Lo conseguido ha sido, desde luego, muy apreciable. La recuperación económica cobra consistencia trimestre a trimestre —y van nueve con el tercero de 2015—, alejando cada vez más un lustro, entre 2008 y 2013, que conoció dos severos episodios recesivos. Cuando apenas han pasado tres años de una situación calamitosa, la última previsión del FMI coloca a España como la cuarta economía más pujante de la eurozona (solo por detrás de Irlanda, Luxemburgo y Eslovaquia), con un ritmo de crecimiento que doblará el del promedio de la eurozona y la creación de 600.000 puestos de trabajo a lo largo del año. Un éxito, nadie debería escatimarlo.
En el propio ámbito estrictamente político, las novedades se suceden deprisa, sin duda como respuesta a una sociedad civil que está demostrando dinamismo y capacidad de iniciativa. La aparición de nuevas formaciones políticas, ahora en liza electoral, y los movimientos adaptativos de los partidos más asentados están promoviendo un proceso no menor de renovación generacional y de comunicación con la sociedad. Queda mucha tela por cortar si se quiere sanear de verdad el sistema político y ganar calidad institucional, pero el final de la legislatura termina también en este terreno con expectativas muy distintas —para mejor— a las de su arranque.
La deriva del “problema catalán”, sin embargo, lo tiñe todo. Y no injustificadamente. Un tema fundamental, cualquiera que sea la perspectiva desde la que se contemple. La que proporciona la economía es concluyente: desgajar a Cataluña del resto de España tendría unos enormes costes, tanto de un lado como de otro. Todos saldríamos perdiendo, y quizá lo que menos importe es quién más, porque en cualquier caso sería mucho. Cataluña perdería el principal mercado para lo que sus fábricas producen: todavía en los últimos veinte años el 40 por ciento de las ventas de productos catalanes ha tenido como destino el resto del mercado nacional. Asimismo, la Cataluña separada se toparía con un problema de ahorro insuficiente, pues necesita que el sistema bancario desplace hacia allí ahorro del resto de España para financiar sus inversiones.

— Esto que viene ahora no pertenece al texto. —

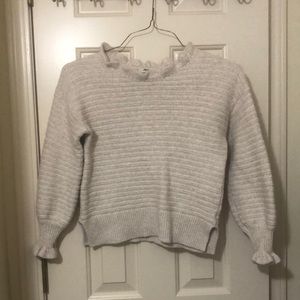 COPY - Madewell Ruffle Neck Wool Blend Pullover Sweater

Y una Cataluña independiente, excluida de la UE y de la Unión monetaria, tendría que arrostrar muy serias dificultades, tanto si optara por seguir utilizando el euro —sus bancos carecerían de acceso a la liquidez del BCE—, como si la opción fuera crear una moneda propia, que nacería necesariamente devaluada y en medio de la desconfianza de los mercados. Un desastre. Como lo sería para España: Cataluña aporta cerca del 20 por ciento al PIB español, pero es mucho más: ha sido motor principal en todo el proceso de modernización social y económica, y sigue siendo una pieza central de nuestro tejido productivo y de la cultura empresarial española. Y en Cataluña tiene España su frontera más importante con Europa: para el paso de personas y mercancías, pero también en términos de ósmosis cultural y científica. El desgajamiento, en suma, supondría empobrecimiento, y muy agudo, para ambas partes. Por eso, nos guste o no, es nuestro problema nº 1.